[[ Records to process, beginning ]]
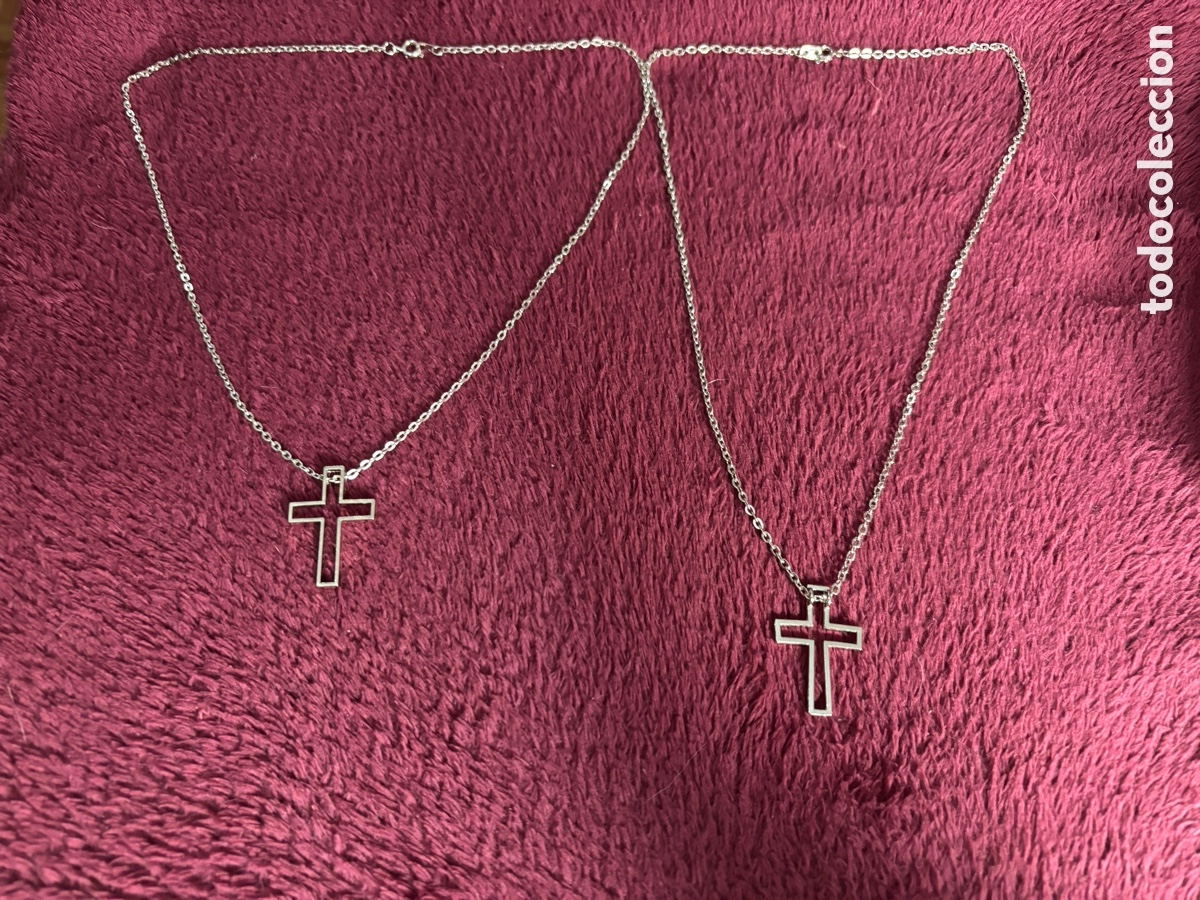 Joyeria: Dos cadenas con cruz metal plateado - Foto 1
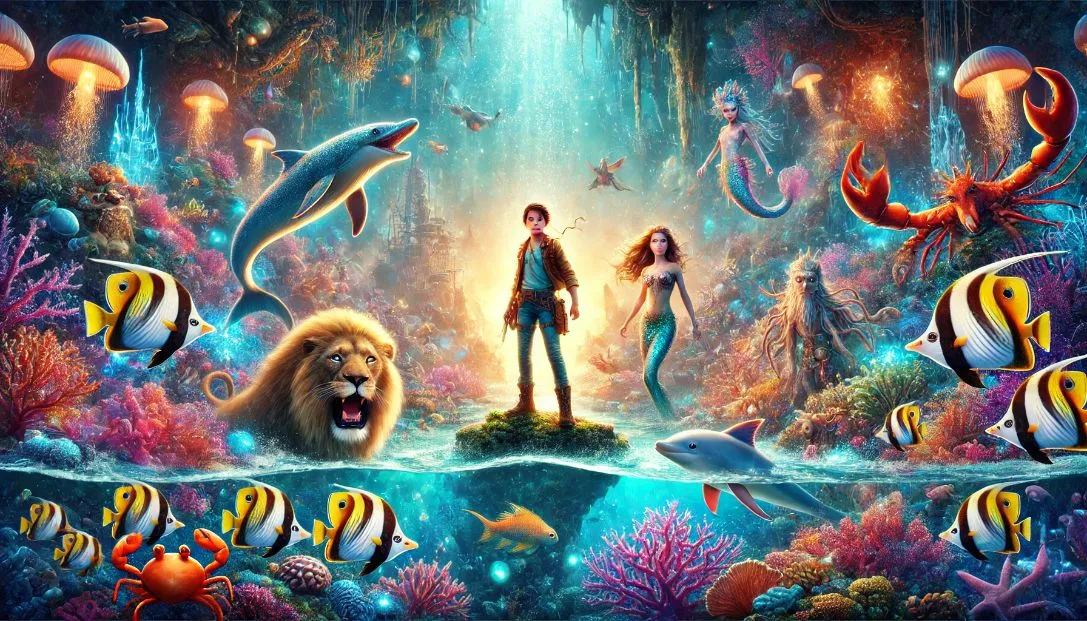 Underwater kingdom with coral reefs, shimmering fish, and mythical creatures. Maren, the young explorer, stands with her mermaid, dolphin, and crab allies, illuminated by glowing pearls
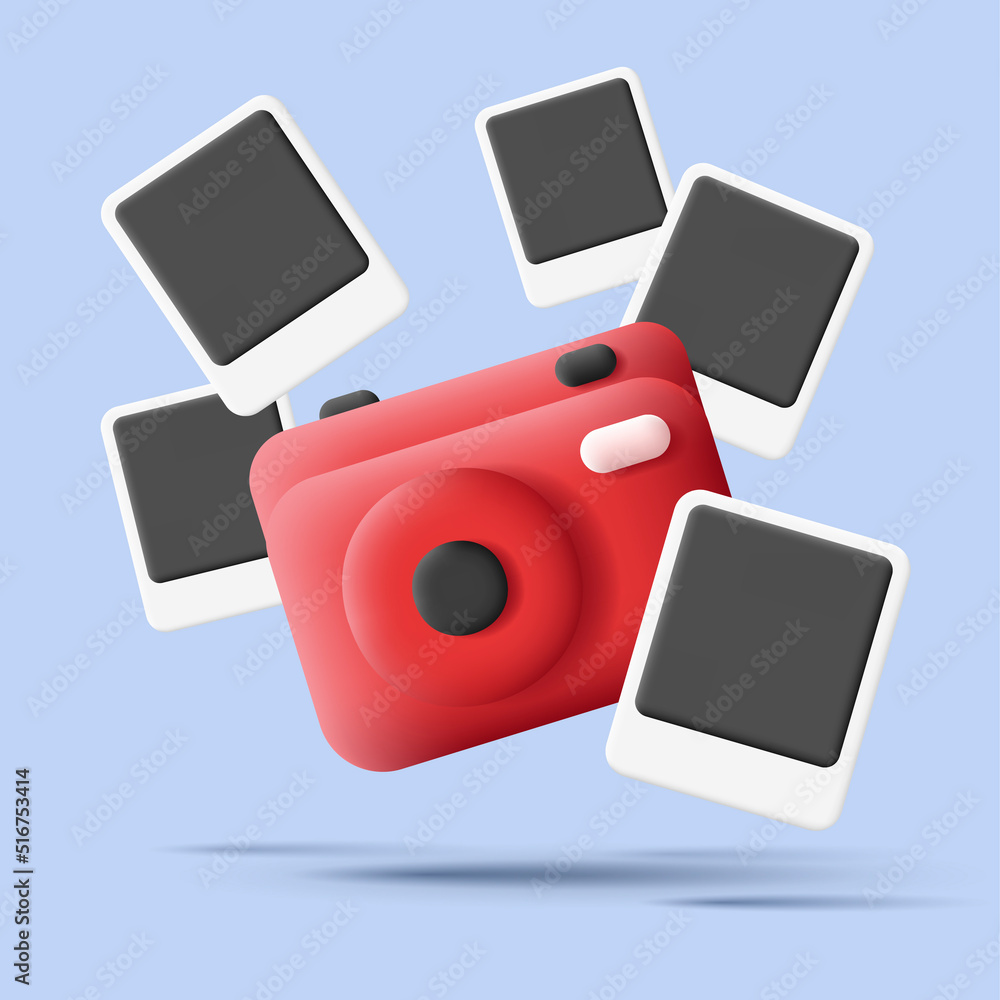 3d digital illustration of photo camera with red photographs snapshots around it. Vector illustration 3d digital illustration of photo camera with red photographs snapshots around it. Vector illustration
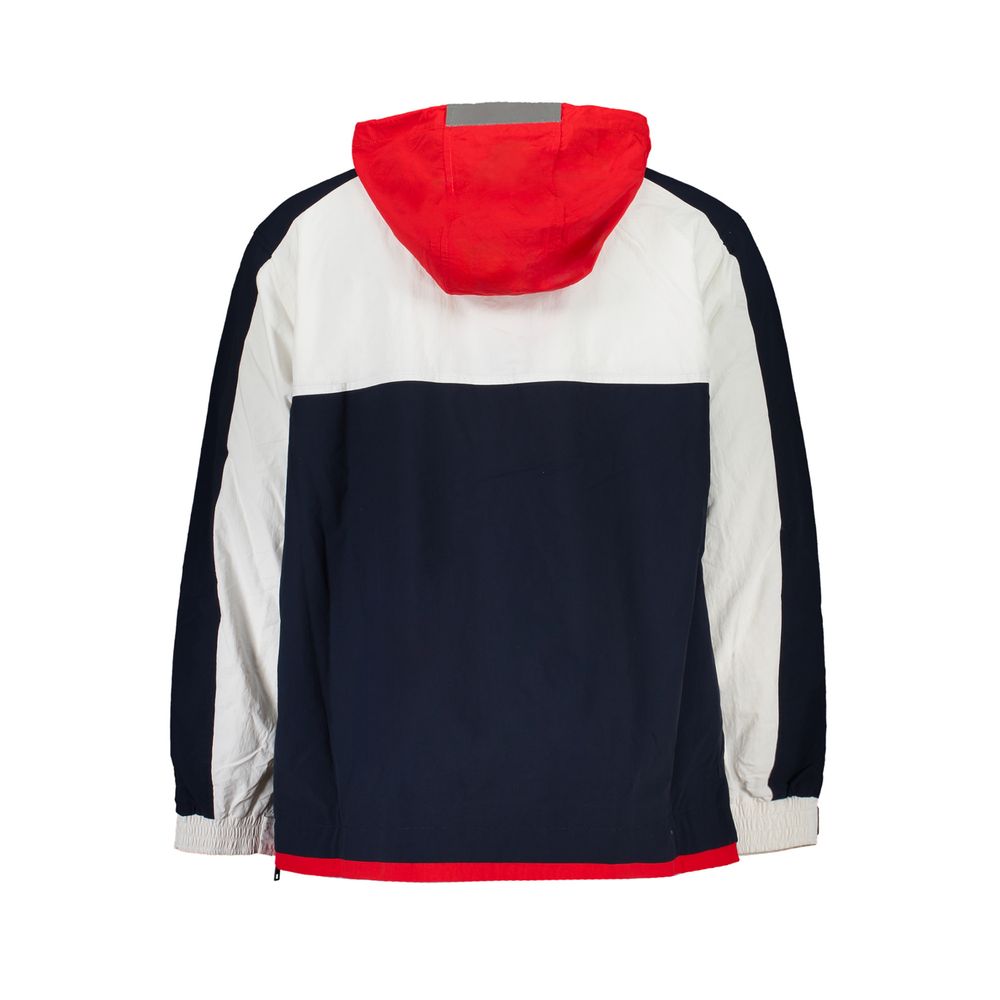 Back view of Tommy Hilfiger Blue Polyamide Men Jacket with red, white, and navy color blocks, featuring a hood and contrast details.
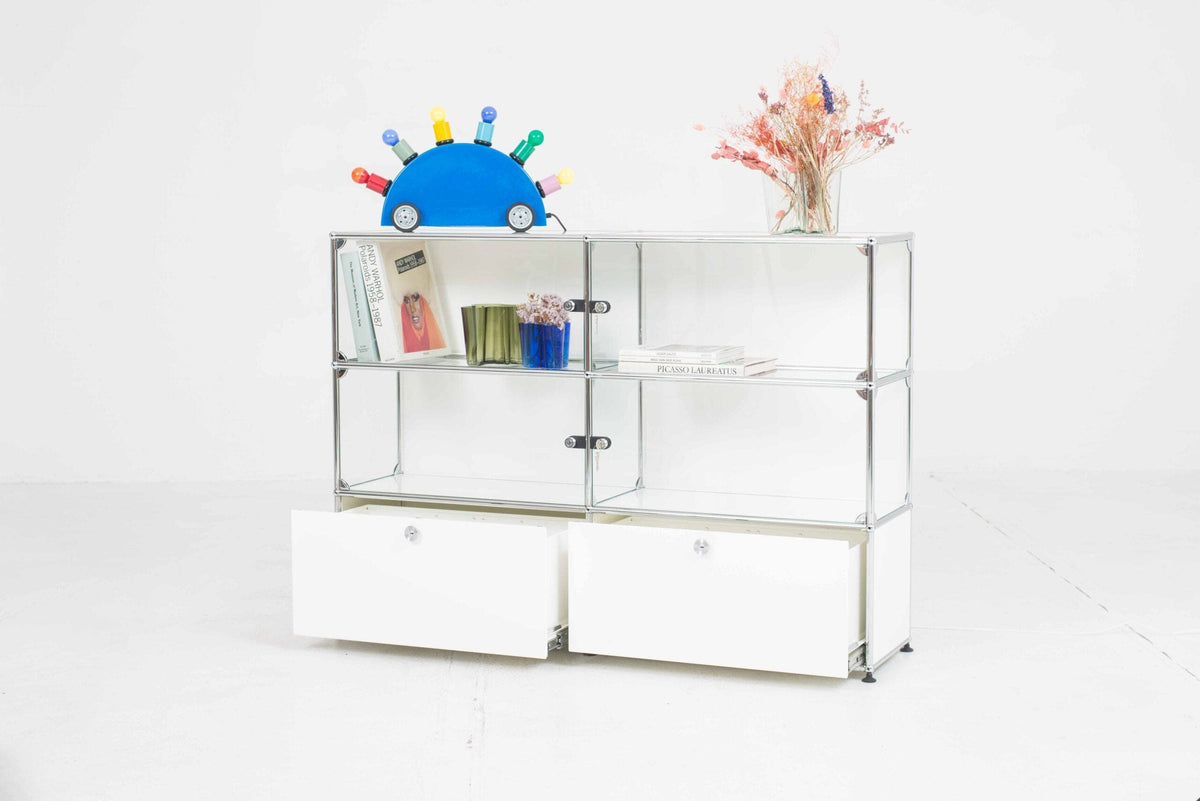Commode à tiroirs USM par USM en verre blanc Mid Century Modern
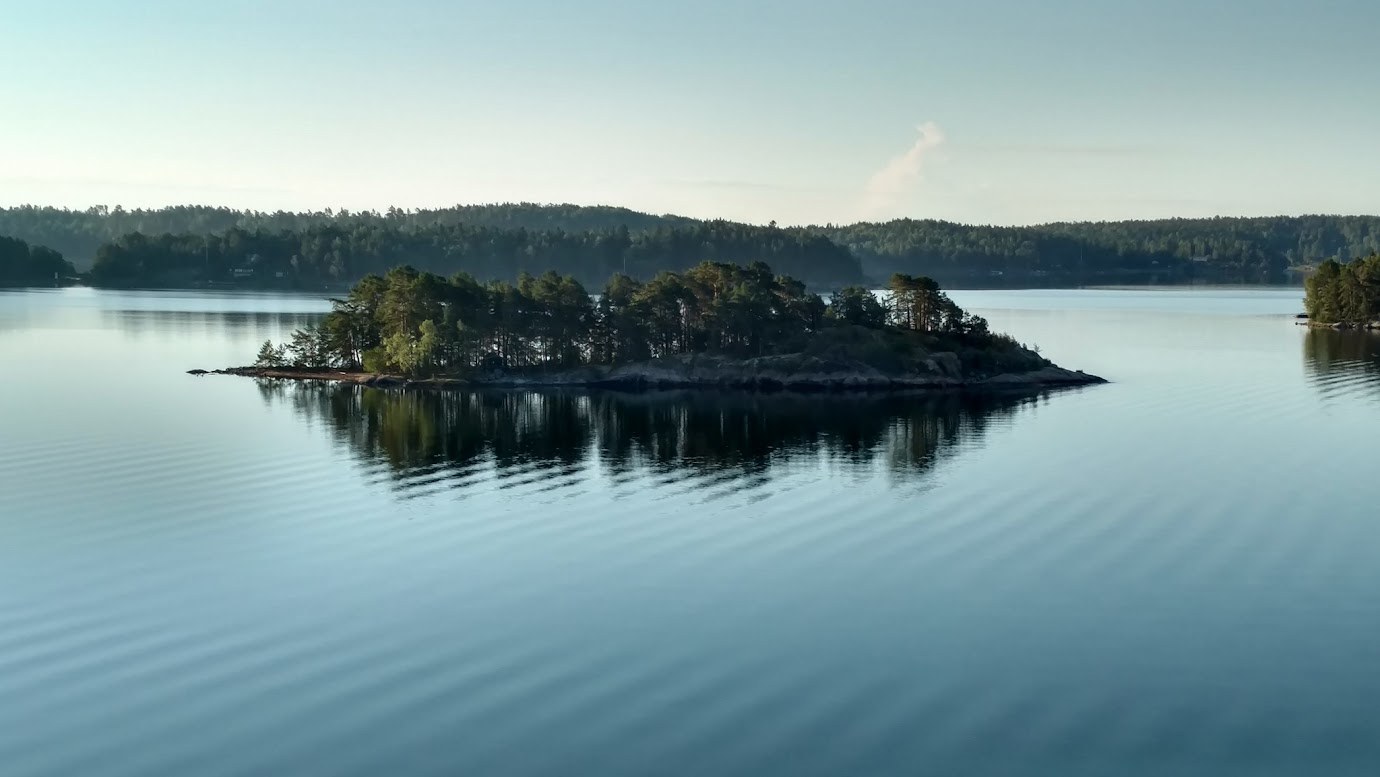 Baltic archipelago view of small rocky islands and pine trees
[[ Records to process, end ]]
Output exactly the lines from the line with "Back view of" to the last line of the records, including both, and leave every picture out.

 Back view of Tommy Hilfiger Blue Polyamide Men Jacket with red, white, and navy color blocks, featuring a hood and contrast details.
Commode à tiroirs USM par USM en verre blanc Mid Century Modern
 Baltic archipelago view of small rocky islands and pine trees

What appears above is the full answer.